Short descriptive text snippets

================================

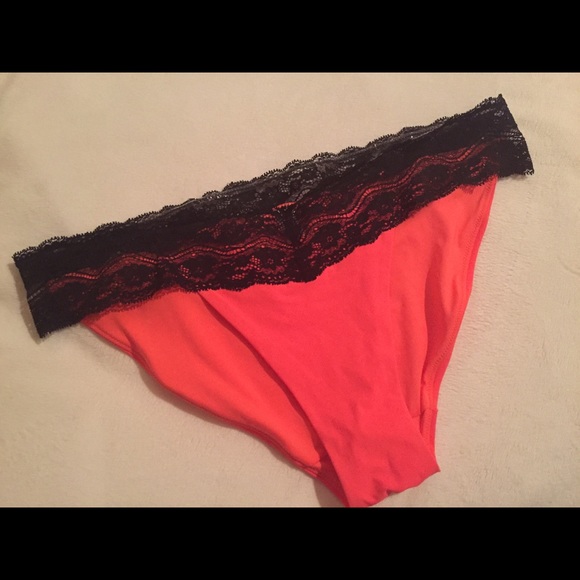 VS PINK cheeky bikini bottoms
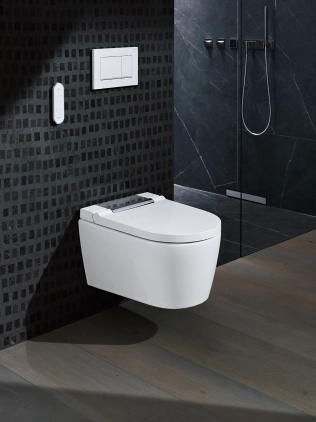 AquaClea Sela in der Designvariante Glanzverchromt mit Betätigungsplatte Geberit Sigma30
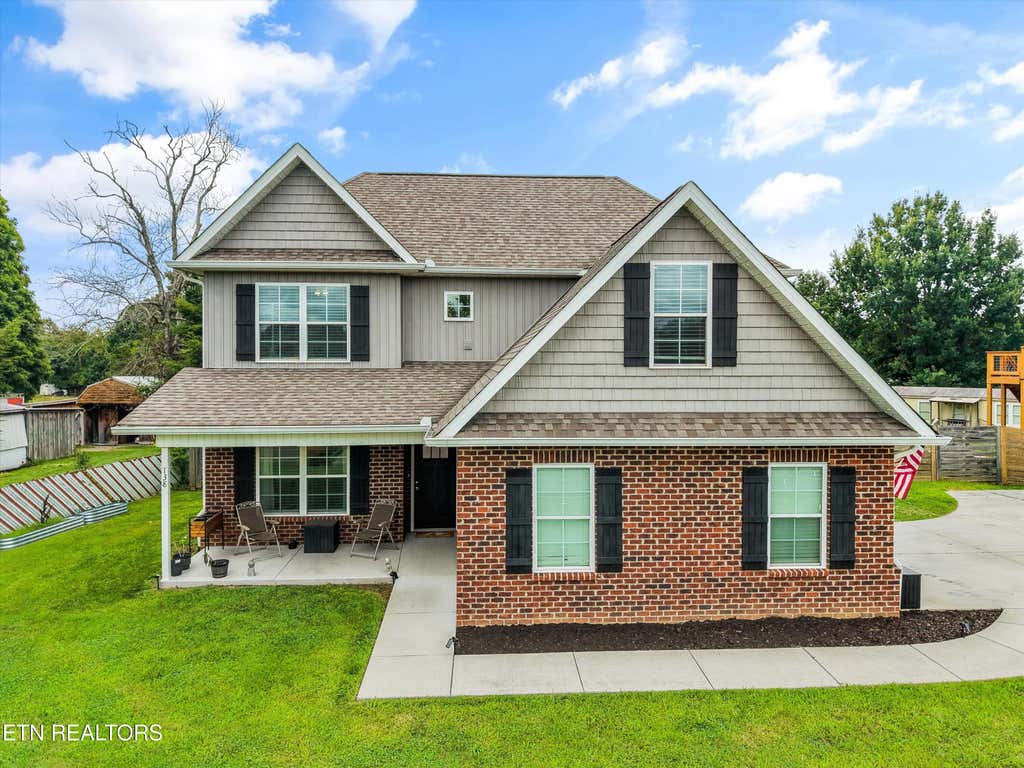 Photo of 138 S Old Glory Rd, Maryville, TN 37801 (MLS # 1350613)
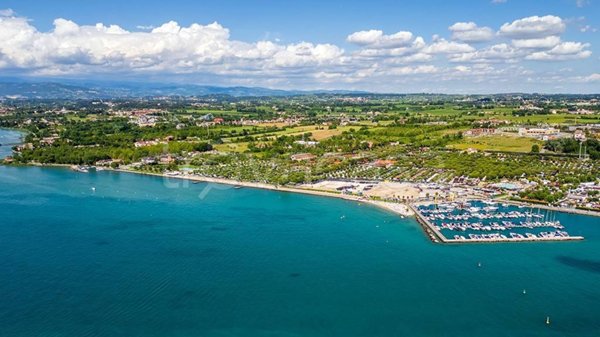 terreno in vendita a Peschiera del Garda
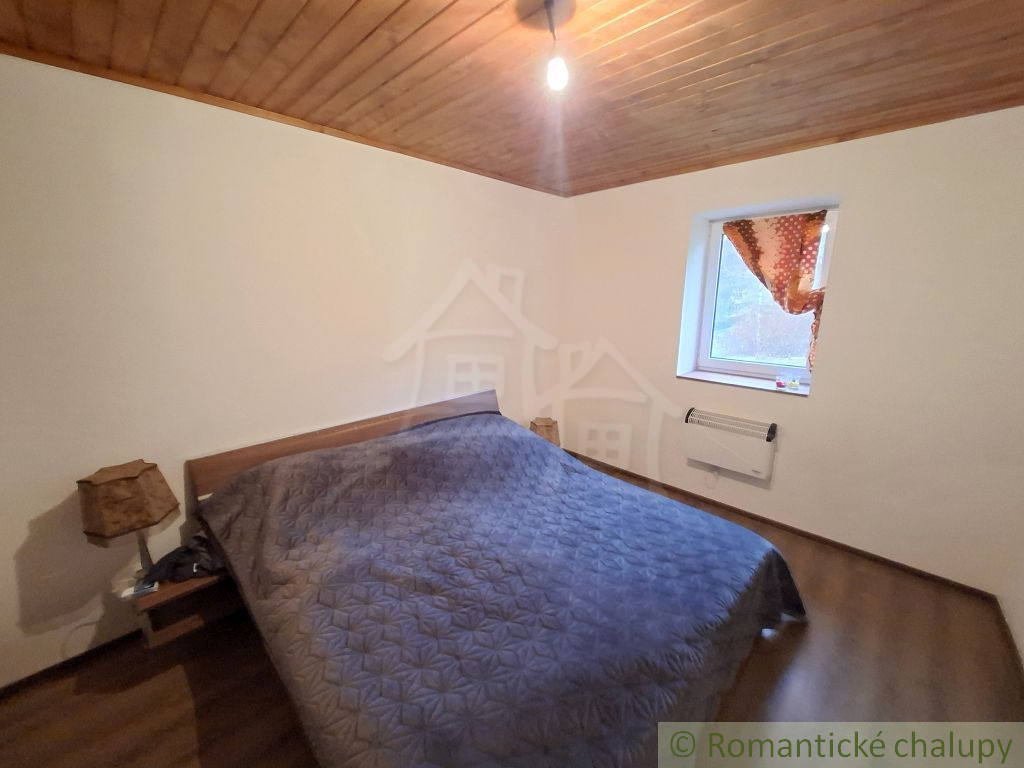 Kamenný domček pri Detve – rozpracovaná chalupa s veľkým p - 9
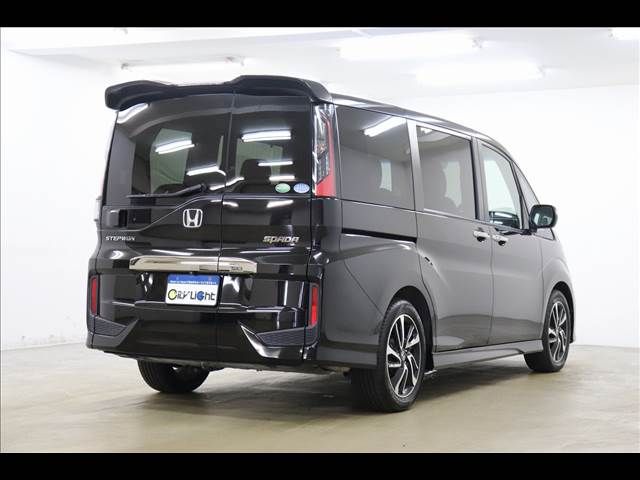 Honda e 2015-12 6410-18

================================

What this task involves: Skip the pictures, then return the rest of the data exactly.

Result of this task:
 VS PINK cheeky bikini bottoms
 AquaClea Sela in der Designvariante Glanzverchromt mit Betätigungsplatte Geberit Sigma30
 Photo of 138 S Old Glory Rd, Maryville, TN 37801 (MLS # 1350613)
 terreno in vendita a Peschiera del Garda
 Kamenný domček pri Detve – rozpracovaná chalupa s veľkým p - 9
 Honda e 2015-12 6410-18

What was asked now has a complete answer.